===== RECORDS SHOWN =====

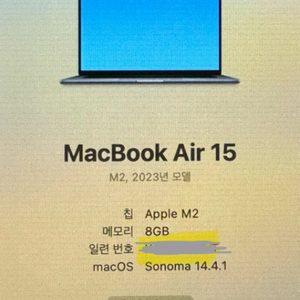 맥북 에어 15 M2 (화면 하자) 판매합니다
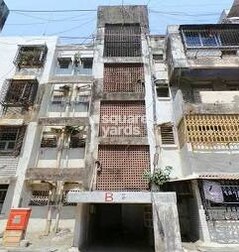 Gurukripa Building Gurukripa Building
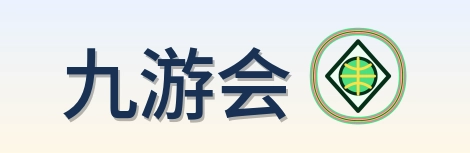 九游会 Logo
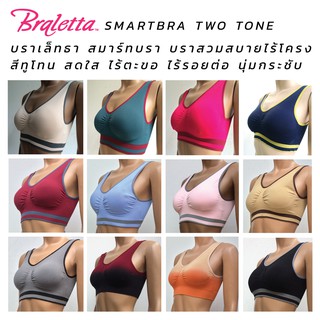 Braletta Smart Bra บราเล็ทธา สมาร์ทบรา บราไร้โครง สวมสบาย ไร้ตะขอ ไร้รอยต่อ สีทูโทน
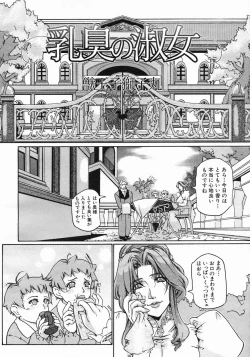 Page 580 of COMIC MUJIN 2005-05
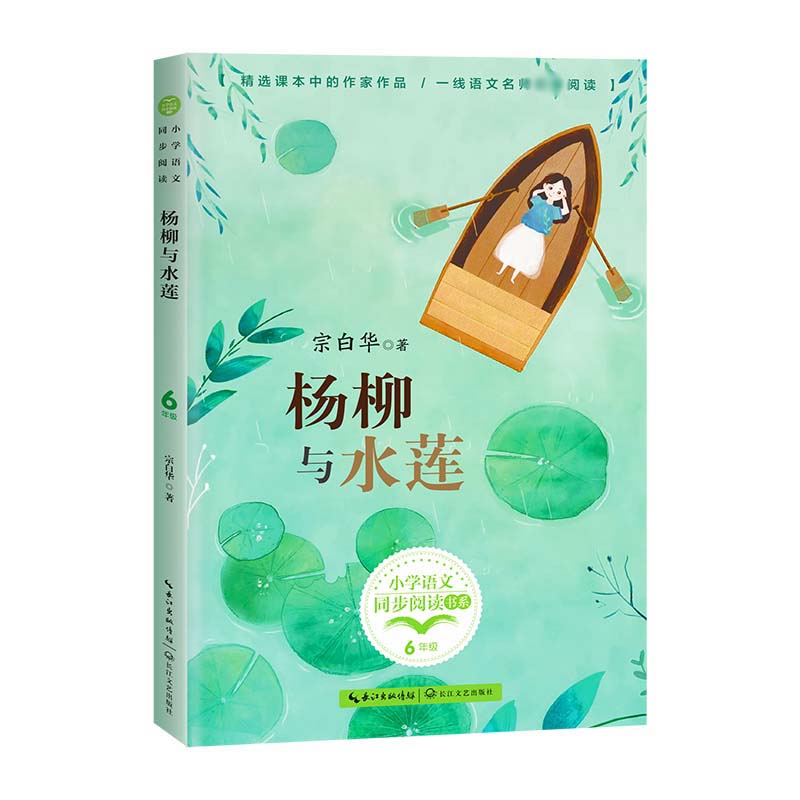 杨柳与水莲(小学语文同步阅读书系)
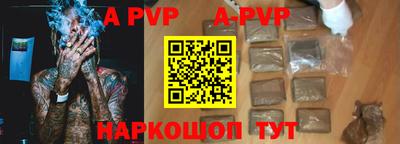 гидра Новодвинск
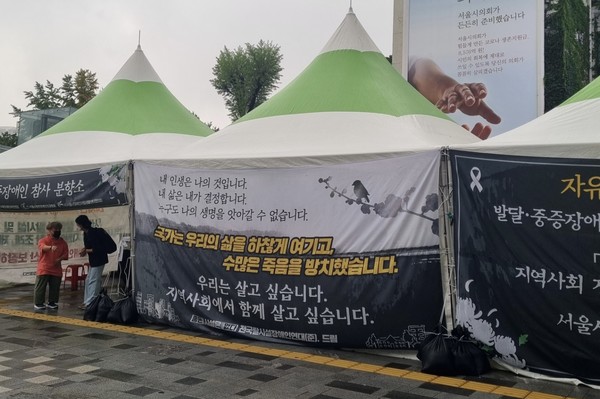 서울시의회 앞에 설치된 ‘발달·중증장애인 참사 분향소’ (사진=우먼타임스)
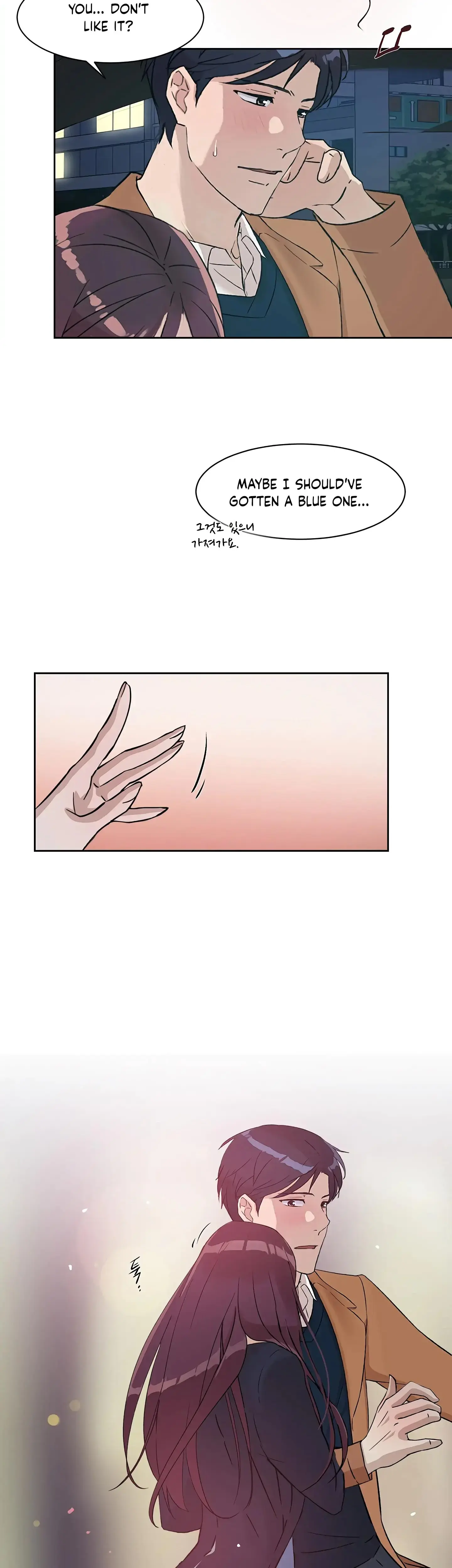 Overflowing Or Lacking Chapter 42 - Page 20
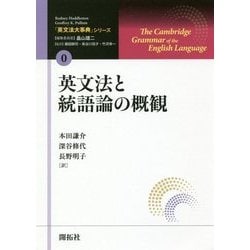 英文法と統語論の概観（「英文法大事典」シリーズ〈0〉） [全集叢書]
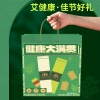 和正爱健康礼盒HZ-AH1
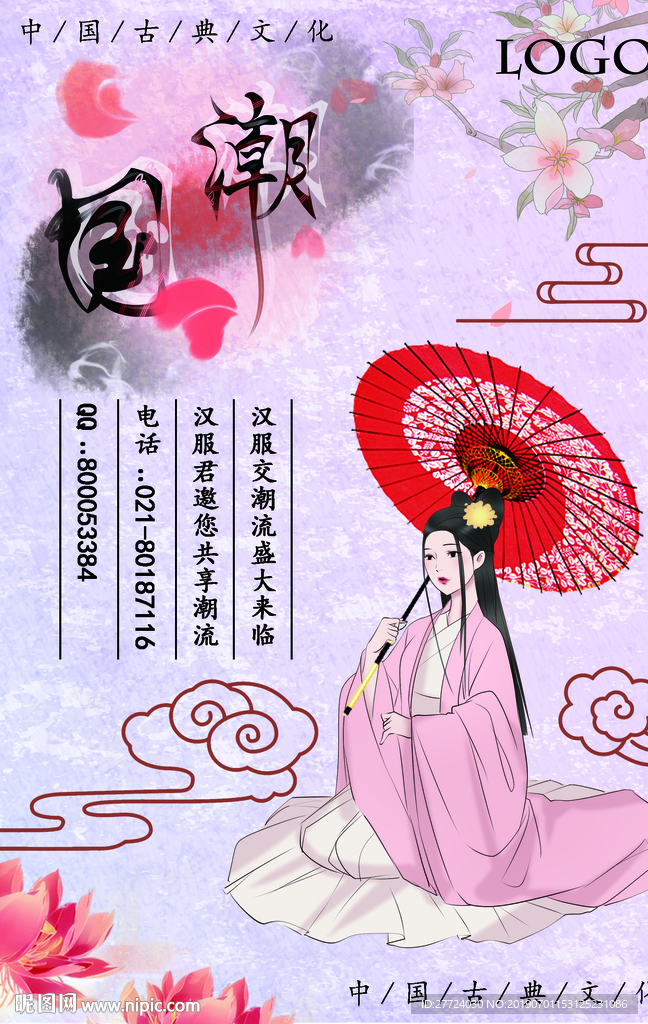 汉服海报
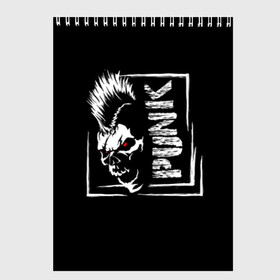 Скетчбук с принтом Punk в Екатеринбурге, 100% бумага
 | 48 листов, плотность листов — 100 г/м2, плотность картонной обложки — 250 г/м2. Листы скреплены сверху удобной пружинной спиралью | anarchy | anger | black | emblem | hair | hairstyle | horror | illustration | look | mohawk | punk | red | scar | scary | skull | terrible | white | анархия | белый | взгляд | волосы | злость | иллюстрация | ирокез | красный | панк | прическа | страшный |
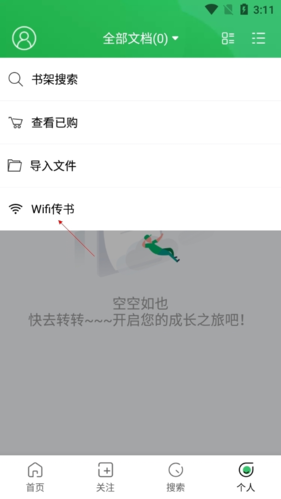 caj阅读器app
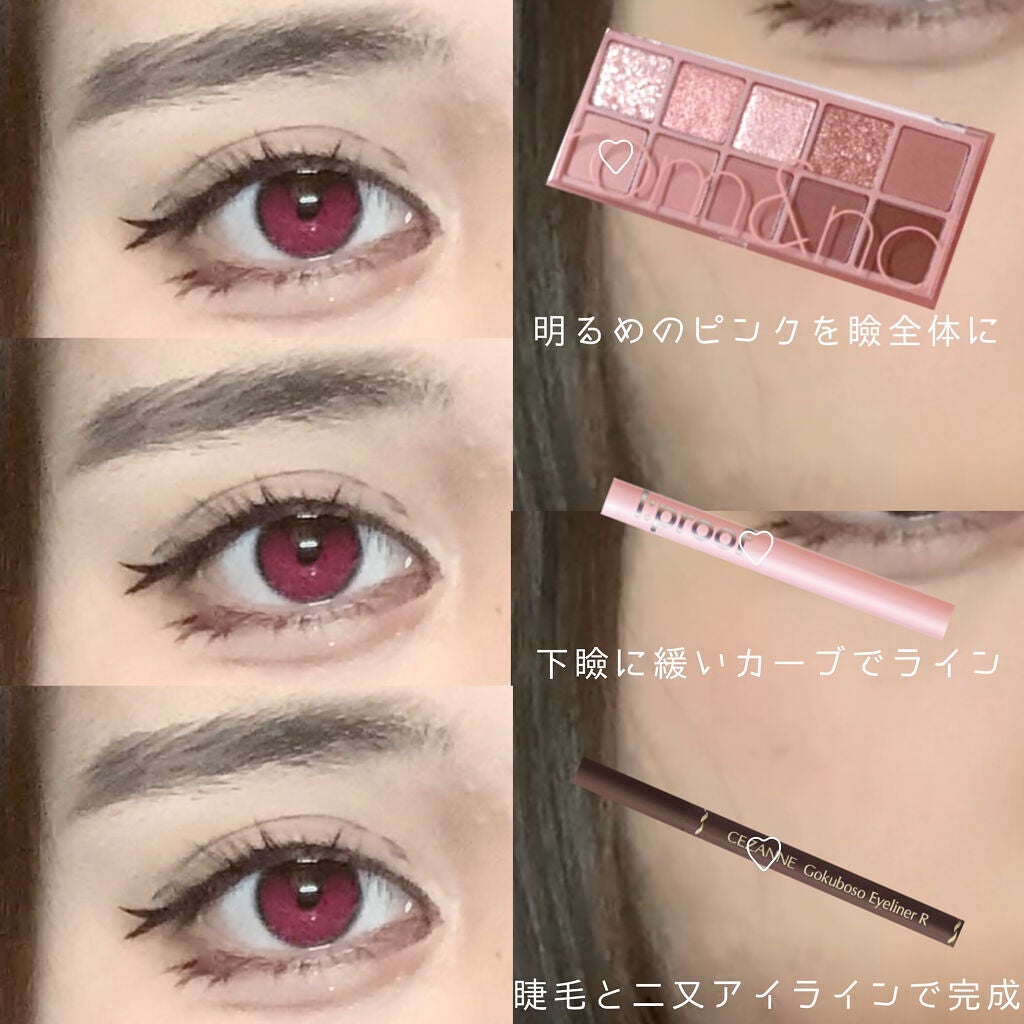 極細 アイライナーR/CEZANNE/リキッドアイライナーを使ったクチコミ(3枚目)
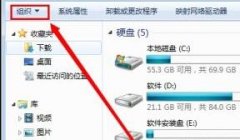 Windows7ļAxWindows7ļAxλһ[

=====

WORK INSTRUCTION:
What you write out is the stretch of entries from the line containing "杨柳与水莲(小学语文同步阅读书系)" to the line containing "Скетчбук с принтом", word for word, with both end lines and no pictures.

SOLUTION TO THE PROBLEM:
 杨柳与水莲(小学语文同步阅读书系)
 гидра Новодвинск
 서울시의회 앞에 설치된 ‘발달·중증장애인 참사 분향소’ (사진=우먼타임스)
 Overflowing Or Lacking Chapter 42 - Page 20
 英文法と統語論の概観（「英文法大事典」シリーズ〈0〉） [全集叢書]
 和正爱健康礼盒HZ-AH1
 汉服海报
 Скетчбук с принтом Punk в Екатеринбурге, 100% бумага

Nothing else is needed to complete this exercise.